_Provided records_
┄┄┄┄┄┄┄┄┄┄
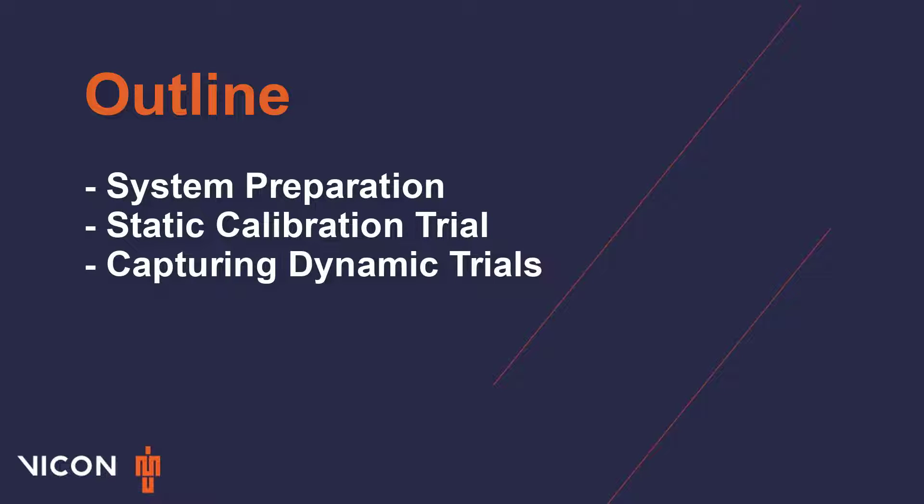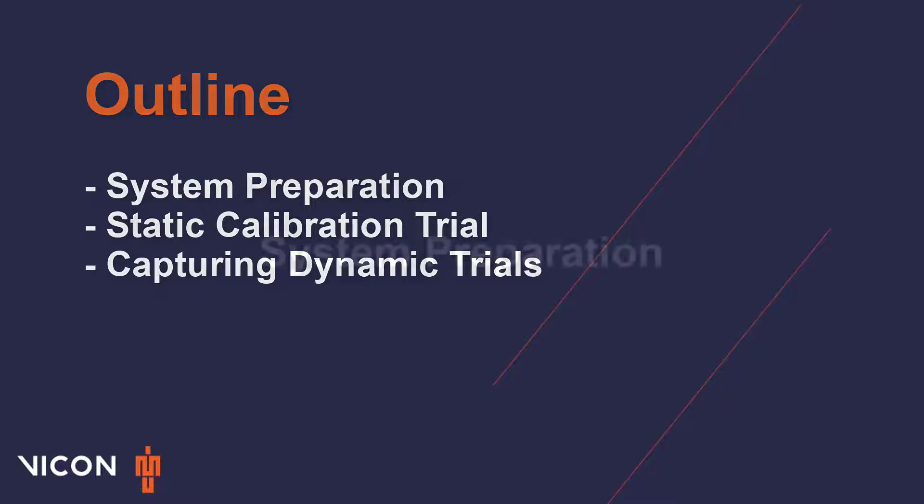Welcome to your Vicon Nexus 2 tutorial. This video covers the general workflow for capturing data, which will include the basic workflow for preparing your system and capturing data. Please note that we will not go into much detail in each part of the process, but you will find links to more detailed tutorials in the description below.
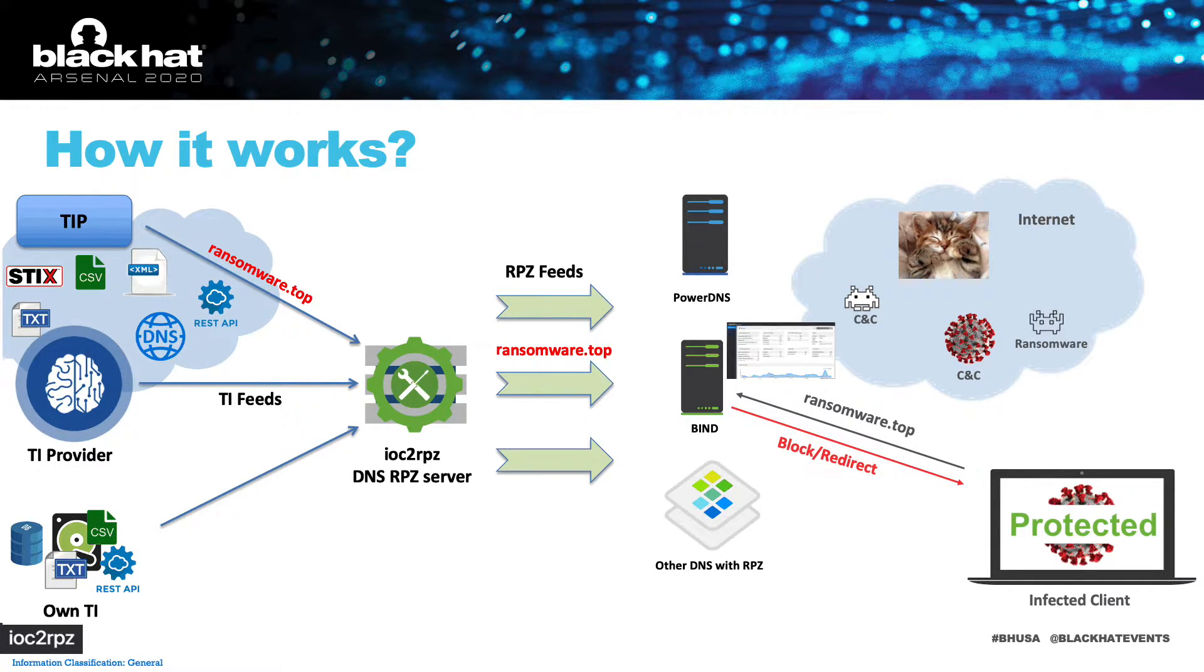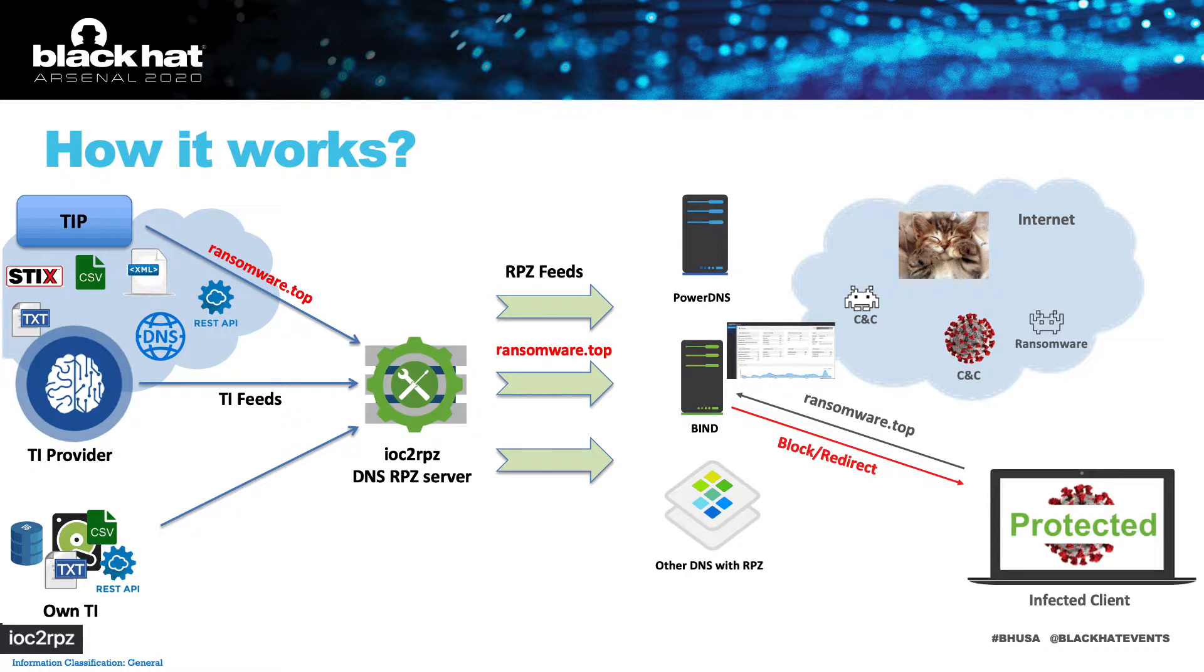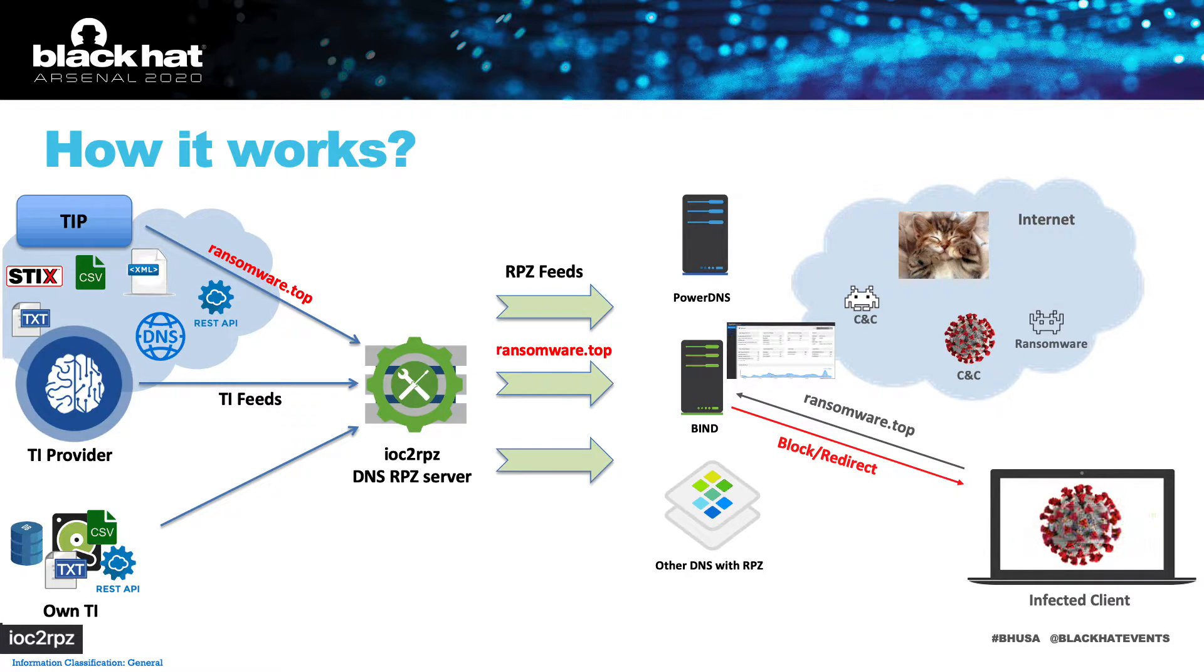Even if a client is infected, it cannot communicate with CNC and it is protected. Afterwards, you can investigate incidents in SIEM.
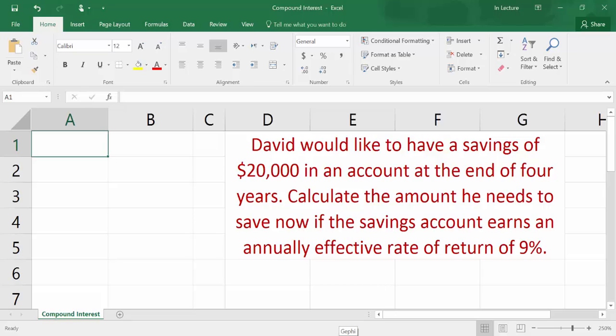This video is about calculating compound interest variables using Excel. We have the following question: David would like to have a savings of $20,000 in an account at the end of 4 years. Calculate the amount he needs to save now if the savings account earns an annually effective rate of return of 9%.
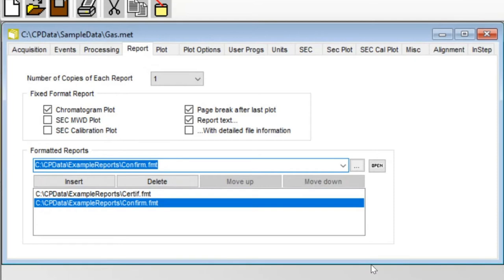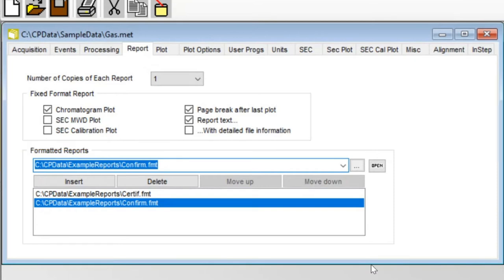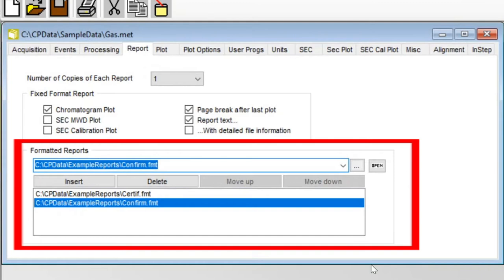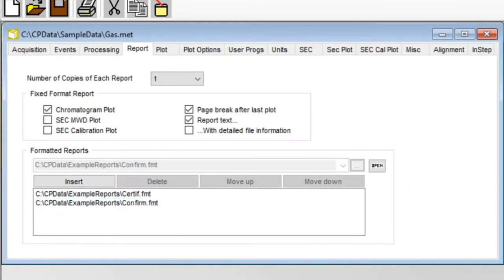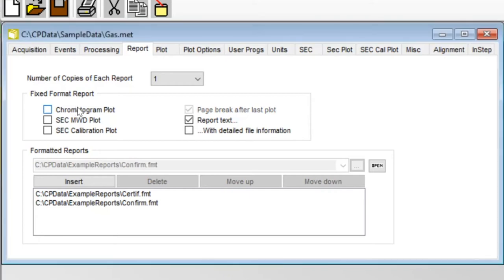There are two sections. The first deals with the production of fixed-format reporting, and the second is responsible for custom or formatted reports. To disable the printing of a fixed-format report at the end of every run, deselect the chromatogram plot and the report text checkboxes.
┄┄┄┄┄┄┄┄┄┄
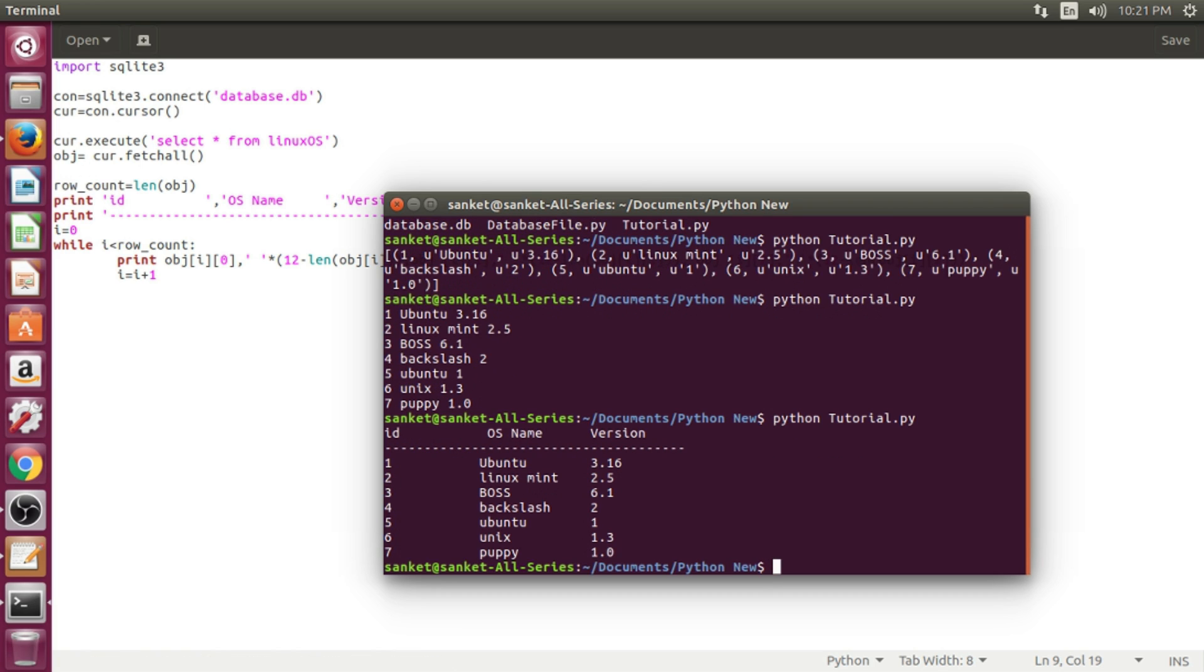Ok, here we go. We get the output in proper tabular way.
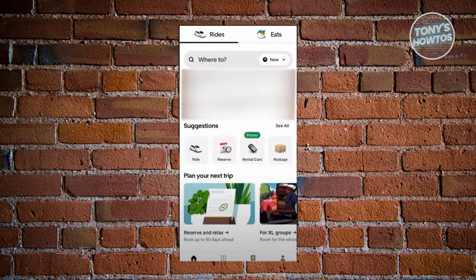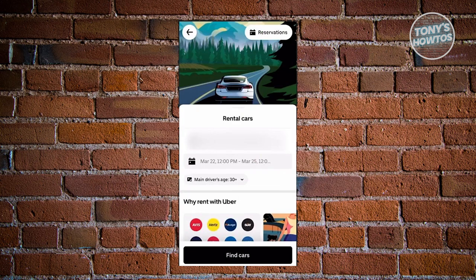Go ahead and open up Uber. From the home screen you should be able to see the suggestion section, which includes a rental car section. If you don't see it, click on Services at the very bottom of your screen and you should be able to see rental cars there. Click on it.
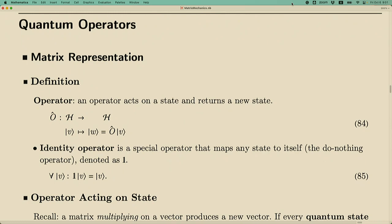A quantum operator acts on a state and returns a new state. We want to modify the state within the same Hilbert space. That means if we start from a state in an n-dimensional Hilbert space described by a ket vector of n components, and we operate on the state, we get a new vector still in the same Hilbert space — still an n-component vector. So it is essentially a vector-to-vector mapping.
┄┄┄┄┄┄┄┄┄┄
_What this task involves_
Return word for word the lines of the listing above, starting at the line with "Even if a client" and ending at the line with "There are two", both included. Pictures do not belong in the copy.

_Result for this exercise_
Even if a client is infected, it cannot communicate with CNC and it is protected. Afterwards, you can investigate incidents in SIEM.
This video is about calculating compound interest variables using Excel. We have the following question: David would like to have a savings of $20,000 in an account at the end of 4 years. Calculate the amount he needs to save now if the savings account earns an annually effective rate of return of 9%.
There are two sections. The first deals with the production of fixed-format reporting, and the second is responsible for custom or formatted reports. To disable the printing of a fixed-format report at the end of every run, deselect the chromatogram plot and the report text checkboxes.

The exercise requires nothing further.